Retype only what runs from the line with "塑料废品堆积成山 粉碎时产生噪音臭味困扰村" through the end of the entries, exactly and in full, but omit any picture you find.

***** Given records *****

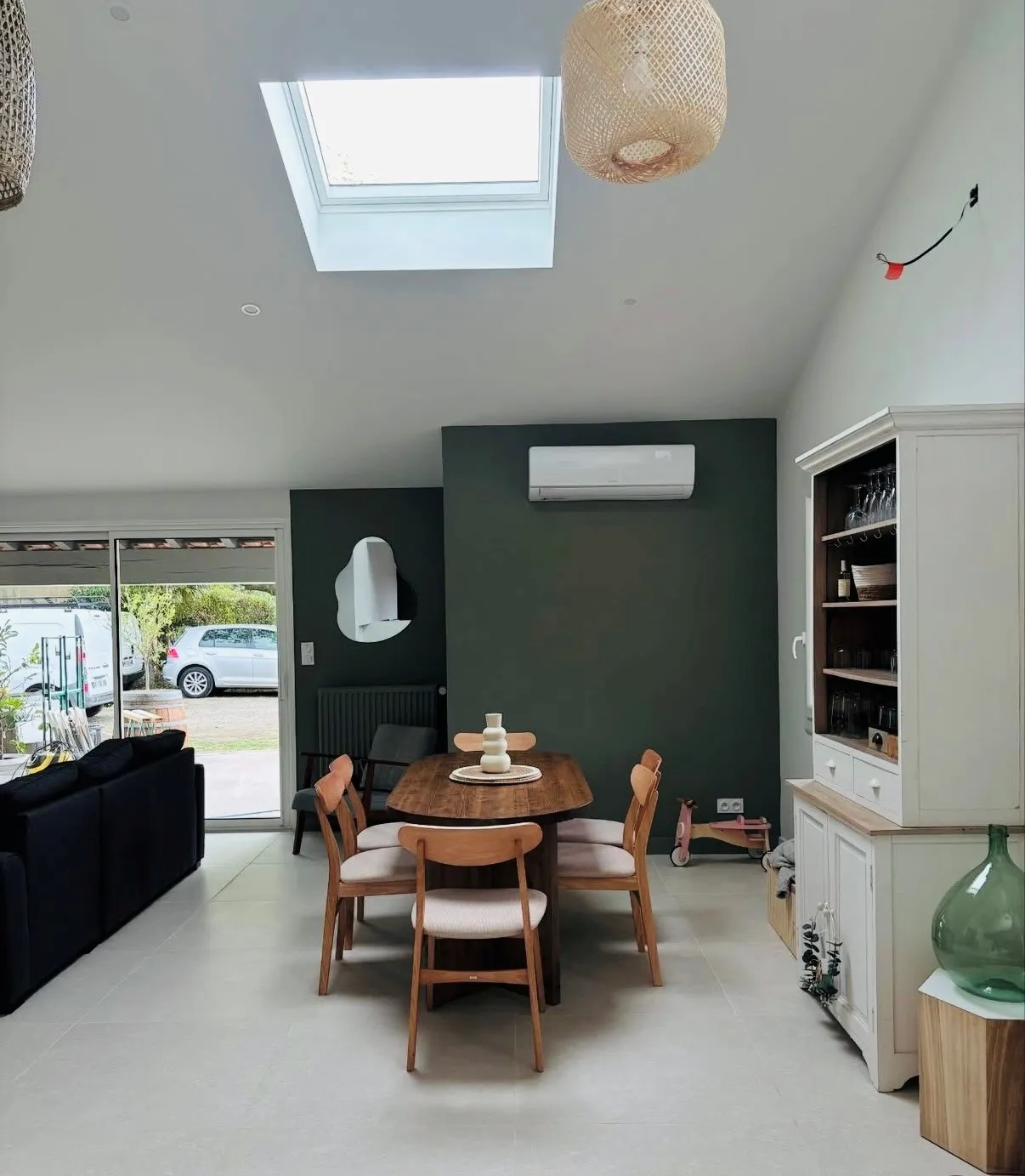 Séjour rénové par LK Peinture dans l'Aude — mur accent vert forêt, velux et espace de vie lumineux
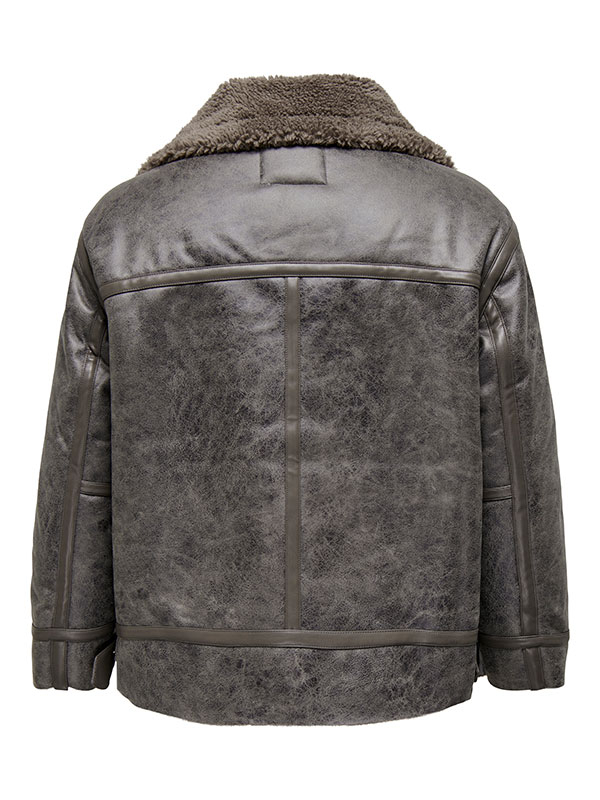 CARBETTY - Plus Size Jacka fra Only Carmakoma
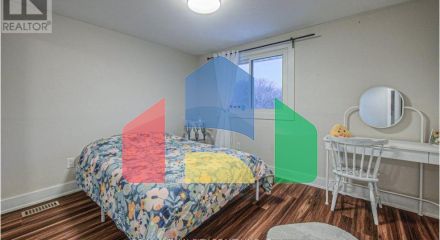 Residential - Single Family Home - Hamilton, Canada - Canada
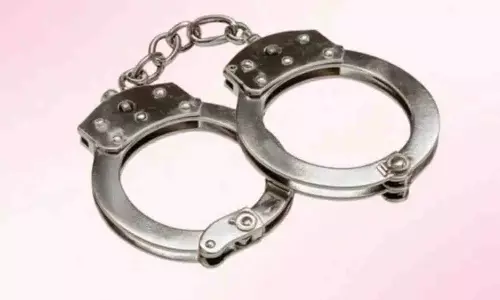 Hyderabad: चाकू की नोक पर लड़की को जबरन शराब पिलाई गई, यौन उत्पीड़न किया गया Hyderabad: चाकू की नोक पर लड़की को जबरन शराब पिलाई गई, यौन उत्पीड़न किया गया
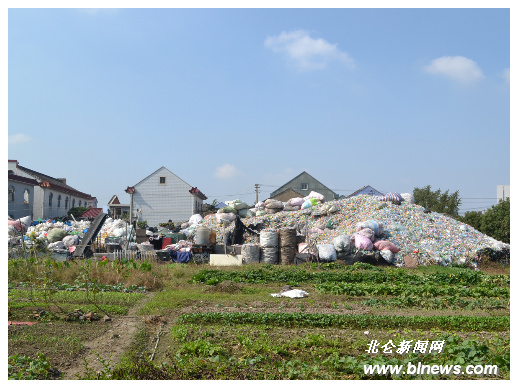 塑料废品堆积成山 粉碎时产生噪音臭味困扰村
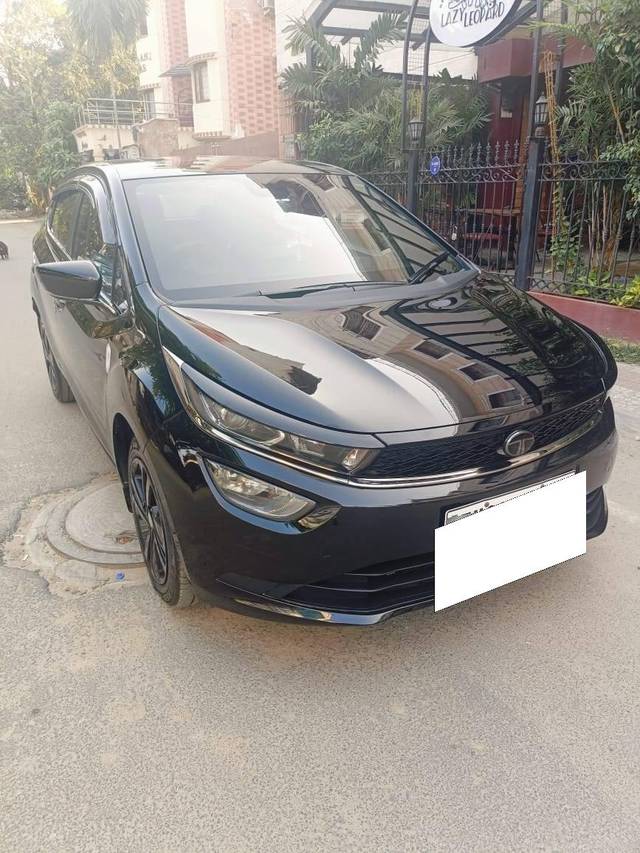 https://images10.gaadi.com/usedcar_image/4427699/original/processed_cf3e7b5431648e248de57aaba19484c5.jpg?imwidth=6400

*****

**Solution to the exercise**.
 塑料废品堆积成山 粉碎时产生噪音臭味困扰村
 https://images10.gaadi.com/usedcar_image/4427699/original/processed_cf3e7b5431648e248de57aaba19484c5.jpg?imwidth=6400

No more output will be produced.